SecretStr interaction warning: If the user's Pydantic model uses SecretStr for credential fields (as recommended in Option A above), model_dump() by default calls .get_secret_value() on all SecretStr fields, exposing secrets as plain strings in the intermediate dict. This negates SecretStr's accidental-exposure protection. The implementation should either: - Use model_dump(mode="python") with a custom serializer that preserves wrapping until BackendConfig.options is built, or - Document that the SecretStr → plain string conversion is intentional at this boundary (secrets must be plain strings for backend constructors), or - Accept the trade-off: SecretStr protects against accidental repr()/log exposure in user code, and the to_registry_config() call is an explicit "I'm done configuring, build the registry" boundary where exposure is expected.

The third option is the pragmatic choice — document it explicitly.

Recommendation: Option B with documented patterns¶

Option A is opinionated and hard to maintain — it pre-defines env var prefixes and field structures that may not match every user's deployment. Option B is a thin utility that users combine with their own Pydantic models. We provide documented example patterns, not rigid pre-built models.

7.4 Multi-backend configs with Pydantic¶

The key challenge with Pydantic is mapping multiple backend instances of the same type to different env var prefixes:

# How does the user configure two S3 backends via env vars?
RS_BACKENDS__S3_PROD__TYPE=s3
RS_BACKENDS__S3_PROD__OPTIONS__BUCKET=prod-data
RS_BACKENDS__S3_PROD__OPTIONS__KEY=AKIA...
RS_BACKENDS__S3_DEV__TYPE=s3
RS_BACKENDS__S3_DEV__OPTIONS__BUCKET=dev-data
RS_BACKENDS__S3_DEV__OPTIONS__KEY=AKIA...

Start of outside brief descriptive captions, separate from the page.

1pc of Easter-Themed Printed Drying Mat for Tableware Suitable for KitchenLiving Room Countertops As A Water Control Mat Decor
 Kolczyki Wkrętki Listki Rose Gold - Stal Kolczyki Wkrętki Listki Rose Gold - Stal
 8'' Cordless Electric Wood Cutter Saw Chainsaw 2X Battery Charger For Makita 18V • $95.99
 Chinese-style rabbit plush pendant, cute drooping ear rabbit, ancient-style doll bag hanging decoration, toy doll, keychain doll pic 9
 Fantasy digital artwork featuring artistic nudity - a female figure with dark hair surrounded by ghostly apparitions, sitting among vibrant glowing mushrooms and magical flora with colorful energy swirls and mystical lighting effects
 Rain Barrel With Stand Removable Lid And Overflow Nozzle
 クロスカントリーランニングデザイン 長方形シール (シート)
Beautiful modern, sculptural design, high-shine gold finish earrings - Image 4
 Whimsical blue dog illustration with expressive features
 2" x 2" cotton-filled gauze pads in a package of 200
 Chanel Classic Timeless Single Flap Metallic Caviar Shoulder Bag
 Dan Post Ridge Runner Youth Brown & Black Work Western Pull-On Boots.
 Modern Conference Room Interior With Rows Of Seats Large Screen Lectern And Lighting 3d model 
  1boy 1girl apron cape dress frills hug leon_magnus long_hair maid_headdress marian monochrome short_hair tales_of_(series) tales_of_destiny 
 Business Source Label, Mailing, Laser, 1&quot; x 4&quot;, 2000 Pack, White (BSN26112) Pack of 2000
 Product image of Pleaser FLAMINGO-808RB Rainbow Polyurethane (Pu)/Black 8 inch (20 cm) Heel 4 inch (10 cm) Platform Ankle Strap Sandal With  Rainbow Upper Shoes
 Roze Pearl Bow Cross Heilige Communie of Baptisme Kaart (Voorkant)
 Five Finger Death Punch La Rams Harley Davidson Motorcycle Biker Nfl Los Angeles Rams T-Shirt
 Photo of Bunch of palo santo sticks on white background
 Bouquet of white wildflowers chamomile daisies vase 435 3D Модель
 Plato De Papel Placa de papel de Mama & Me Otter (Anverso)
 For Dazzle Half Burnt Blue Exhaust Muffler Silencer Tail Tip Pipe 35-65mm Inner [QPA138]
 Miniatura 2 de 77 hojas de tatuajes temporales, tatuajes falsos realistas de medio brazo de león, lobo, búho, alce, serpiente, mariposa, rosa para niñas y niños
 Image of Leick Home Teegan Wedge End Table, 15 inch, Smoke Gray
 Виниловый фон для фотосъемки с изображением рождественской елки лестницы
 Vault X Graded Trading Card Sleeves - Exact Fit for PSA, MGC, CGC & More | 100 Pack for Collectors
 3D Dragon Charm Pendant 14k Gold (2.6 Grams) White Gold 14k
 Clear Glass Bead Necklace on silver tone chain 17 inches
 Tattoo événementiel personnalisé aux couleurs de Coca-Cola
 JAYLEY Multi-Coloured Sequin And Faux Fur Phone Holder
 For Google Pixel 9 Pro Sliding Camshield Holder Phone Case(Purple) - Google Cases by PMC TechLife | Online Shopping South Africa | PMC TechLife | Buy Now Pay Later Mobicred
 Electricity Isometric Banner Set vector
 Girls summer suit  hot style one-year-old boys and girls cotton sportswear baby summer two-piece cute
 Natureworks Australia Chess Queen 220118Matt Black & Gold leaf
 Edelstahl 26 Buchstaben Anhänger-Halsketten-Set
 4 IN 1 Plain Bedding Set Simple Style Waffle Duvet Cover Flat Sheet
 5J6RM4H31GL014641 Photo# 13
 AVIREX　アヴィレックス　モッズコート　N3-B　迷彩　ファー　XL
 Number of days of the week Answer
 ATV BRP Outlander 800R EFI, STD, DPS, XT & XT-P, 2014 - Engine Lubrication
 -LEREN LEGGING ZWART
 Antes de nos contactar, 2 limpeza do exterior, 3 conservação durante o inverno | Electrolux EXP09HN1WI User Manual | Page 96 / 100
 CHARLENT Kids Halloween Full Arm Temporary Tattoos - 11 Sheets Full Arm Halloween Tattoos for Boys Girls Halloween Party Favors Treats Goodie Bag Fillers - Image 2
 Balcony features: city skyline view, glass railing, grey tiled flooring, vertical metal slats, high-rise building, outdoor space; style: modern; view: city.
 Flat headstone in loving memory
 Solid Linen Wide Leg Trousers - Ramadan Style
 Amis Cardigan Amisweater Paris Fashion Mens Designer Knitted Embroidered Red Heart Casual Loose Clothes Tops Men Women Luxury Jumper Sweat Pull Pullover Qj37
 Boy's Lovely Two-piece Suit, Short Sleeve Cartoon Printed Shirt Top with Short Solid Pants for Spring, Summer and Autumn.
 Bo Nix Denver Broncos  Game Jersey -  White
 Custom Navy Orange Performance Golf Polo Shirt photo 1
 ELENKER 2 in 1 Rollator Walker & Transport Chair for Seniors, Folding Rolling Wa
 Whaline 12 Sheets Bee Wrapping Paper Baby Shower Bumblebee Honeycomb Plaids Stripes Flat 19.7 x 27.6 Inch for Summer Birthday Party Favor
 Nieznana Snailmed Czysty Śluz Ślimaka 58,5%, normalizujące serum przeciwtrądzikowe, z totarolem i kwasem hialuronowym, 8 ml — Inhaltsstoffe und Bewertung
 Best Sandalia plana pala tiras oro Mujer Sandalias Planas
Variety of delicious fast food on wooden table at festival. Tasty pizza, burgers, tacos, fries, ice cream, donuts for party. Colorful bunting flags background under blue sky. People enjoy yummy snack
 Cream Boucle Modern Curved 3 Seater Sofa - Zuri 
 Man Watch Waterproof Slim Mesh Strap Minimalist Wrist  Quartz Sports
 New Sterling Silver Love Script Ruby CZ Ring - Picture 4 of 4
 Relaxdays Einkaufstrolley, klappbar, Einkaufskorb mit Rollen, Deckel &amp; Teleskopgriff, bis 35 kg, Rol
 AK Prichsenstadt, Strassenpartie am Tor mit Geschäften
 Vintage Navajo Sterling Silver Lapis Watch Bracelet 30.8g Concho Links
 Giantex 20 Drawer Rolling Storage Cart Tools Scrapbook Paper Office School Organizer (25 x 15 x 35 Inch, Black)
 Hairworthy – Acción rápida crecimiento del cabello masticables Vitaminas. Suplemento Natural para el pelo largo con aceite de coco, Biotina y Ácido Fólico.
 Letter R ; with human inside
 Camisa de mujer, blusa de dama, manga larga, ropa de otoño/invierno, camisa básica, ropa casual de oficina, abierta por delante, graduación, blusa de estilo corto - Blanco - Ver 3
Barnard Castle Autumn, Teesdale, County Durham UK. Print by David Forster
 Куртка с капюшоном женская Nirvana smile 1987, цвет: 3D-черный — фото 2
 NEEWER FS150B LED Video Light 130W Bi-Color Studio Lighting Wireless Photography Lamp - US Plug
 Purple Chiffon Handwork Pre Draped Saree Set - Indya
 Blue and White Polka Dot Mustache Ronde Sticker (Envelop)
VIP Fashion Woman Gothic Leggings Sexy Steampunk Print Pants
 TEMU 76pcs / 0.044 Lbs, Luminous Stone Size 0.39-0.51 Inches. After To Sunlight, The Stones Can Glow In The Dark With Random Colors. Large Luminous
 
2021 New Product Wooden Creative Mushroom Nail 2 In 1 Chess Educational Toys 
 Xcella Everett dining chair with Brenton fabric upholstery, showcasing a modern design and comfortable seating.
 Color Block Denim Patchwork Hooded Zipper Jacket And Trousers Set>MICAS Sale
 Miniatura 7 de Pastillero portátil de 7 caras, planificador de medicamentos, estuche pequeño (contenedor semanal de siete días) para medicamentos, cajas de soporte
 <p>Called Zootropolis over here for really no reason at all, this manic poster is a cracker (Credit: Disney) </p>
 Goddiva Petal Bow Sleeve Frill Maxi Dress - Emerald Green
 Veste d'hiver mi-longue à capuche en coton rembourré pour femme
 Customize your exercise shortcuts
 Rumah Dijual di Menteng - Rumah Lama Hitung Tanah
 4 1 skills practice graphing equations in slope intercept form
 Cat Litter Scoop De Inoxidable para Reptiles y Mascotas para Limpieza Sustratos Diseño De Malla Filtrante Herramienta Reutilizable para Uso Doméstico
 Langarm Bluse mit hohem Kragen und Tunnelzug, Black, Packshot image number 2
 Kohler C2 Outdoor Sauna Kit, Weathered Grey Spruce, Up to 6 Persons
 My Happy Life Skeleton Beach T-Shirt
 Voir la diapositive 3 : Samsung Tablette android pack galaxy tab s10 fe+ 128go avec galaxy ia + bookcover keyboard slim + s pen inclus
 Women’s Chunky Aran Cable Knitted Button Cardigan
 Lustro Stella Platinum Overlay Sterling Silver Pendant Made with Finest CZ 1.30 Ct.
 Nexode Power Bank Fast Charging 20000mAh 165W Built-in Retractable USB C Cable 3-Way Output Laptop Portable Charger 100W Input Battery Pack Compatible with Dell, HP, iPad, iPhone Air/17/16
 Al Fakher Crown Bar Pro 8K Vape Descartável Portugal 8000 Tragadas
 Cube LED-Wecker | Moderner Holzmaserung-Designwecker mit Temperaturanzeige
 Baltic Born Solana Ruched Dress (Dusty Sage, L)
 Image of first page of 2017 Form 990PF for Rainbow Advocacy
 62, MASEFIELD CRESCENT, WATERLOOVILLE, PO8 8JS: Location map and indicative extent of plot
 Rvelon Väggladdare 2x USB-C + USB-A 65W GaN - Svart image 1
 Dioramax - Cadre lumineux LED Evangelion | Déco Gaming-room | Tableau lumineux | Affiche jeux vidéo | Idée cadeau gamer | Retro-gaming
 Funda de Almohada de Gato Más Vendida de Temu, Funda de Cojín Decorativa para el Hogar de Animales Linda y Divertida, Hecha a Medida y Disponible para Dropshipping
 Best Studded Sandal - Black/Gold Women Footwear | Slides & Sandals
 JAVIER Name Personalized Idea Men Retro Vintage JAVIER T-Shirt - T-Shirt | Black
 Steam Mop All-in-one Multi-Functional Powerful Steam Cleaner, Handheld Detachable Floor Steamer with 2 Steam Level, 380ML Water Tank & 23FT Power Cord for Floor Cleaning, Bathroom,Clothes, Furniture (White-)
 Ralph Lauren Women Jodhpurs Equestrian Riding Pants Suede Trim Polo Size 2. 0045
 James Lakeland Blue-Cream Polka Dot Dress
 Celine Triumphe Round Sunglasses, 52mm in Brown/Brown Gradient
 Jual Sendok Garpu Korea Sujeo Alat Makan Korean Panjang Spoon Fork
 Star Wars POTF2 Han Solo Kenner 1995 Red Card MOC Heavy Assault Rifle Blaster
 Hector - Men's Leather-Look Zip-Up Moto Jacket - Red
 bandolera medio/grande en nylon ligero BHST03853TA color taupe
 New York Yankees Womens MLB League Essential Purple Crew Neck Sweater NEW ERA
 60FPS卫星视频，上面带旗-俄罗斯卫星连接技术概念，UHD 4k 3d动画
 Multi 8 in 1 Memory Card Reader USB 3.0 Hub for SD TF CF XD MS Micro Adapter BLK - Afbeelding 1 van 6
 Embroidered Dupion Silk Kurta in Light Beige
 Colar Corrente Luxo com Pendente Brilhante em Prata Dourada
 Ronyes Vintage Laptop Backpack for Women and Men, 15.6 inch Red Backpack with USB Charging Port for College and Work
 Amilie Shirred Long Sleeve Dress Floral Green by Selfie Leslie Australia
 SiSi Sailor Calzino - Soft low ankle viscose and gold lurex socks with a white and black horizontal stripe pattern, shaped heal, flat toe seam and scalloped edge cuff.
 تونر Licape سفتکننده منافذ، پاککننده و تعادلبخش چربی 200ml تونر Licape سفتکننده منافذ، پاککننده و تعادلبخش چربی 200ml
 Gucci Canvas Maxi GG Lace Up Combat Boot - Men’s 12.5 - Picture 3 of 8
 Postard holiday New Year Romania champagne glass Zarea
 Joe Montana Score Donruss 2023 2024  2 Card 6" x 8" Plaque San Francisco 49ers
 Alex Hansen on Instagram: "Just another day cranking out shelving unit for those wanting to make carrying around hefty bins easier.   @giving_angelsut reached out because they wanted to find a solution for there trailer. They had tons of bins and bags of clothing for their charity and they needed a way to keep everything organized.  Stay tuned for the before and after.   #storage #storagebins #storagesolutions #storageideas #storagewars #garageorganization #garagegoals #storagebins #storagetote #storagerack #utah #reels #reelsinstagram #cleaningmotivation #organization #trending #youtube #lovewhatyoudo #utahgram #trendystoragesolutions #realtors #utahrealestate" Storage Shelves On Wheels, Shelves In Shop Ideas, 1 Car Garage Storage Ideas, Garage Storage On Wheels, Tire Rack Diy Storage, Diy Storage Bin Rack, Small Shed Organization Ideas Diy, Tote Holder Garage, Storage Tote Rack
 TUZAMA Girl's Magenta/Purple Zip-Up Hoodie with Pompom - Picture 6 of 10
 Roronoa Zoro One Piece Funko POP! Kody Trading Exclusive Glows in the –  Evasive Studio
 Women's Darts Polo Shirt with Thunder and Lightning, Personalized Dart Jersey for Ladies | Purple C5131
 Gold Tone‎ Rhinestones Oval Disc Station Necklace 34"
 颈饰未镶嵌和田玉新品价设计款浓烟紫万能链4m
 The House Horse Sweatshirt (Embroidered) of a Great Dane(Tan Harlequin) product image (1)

This works with env_nested_delimiter="__" but is verbose. The Pydantic settings model:

class BackendEntry(BaseModel):
    type: str
    options: dict[str, Any] = {}

class StoreEntry(BaseModel):
    backend: str
    root_path: str = ""
    options: dict[str, Any] = {}

class RemoteStoreSettings(BaseSettings):
    model_config = SettingsConfigDict(
        env_prefix="RS_",
        env_nested_delimiter="__",
    )

    backends: dict[str, BackendEntry] = {}
    stores: dict[str, StoreEntry] = {}

    def to_registry_config(self) -> RegistryConfig:
        # SecretStr fields are intentionally exposed here — this is the
        # config→registry boundary where plain strings are required.
        return RegistryConfig.from_dict(self.model_dump())

Then env vars RS_BACKENDS__S3_PROD__OPTIONS__BUCKET=prod-data resolve correctly. This is documented pattern, not library code. See the SecretStr interaction warning in §7.3 Option B for details on why model_dump() exposure of secrets is acceptable at this boundary.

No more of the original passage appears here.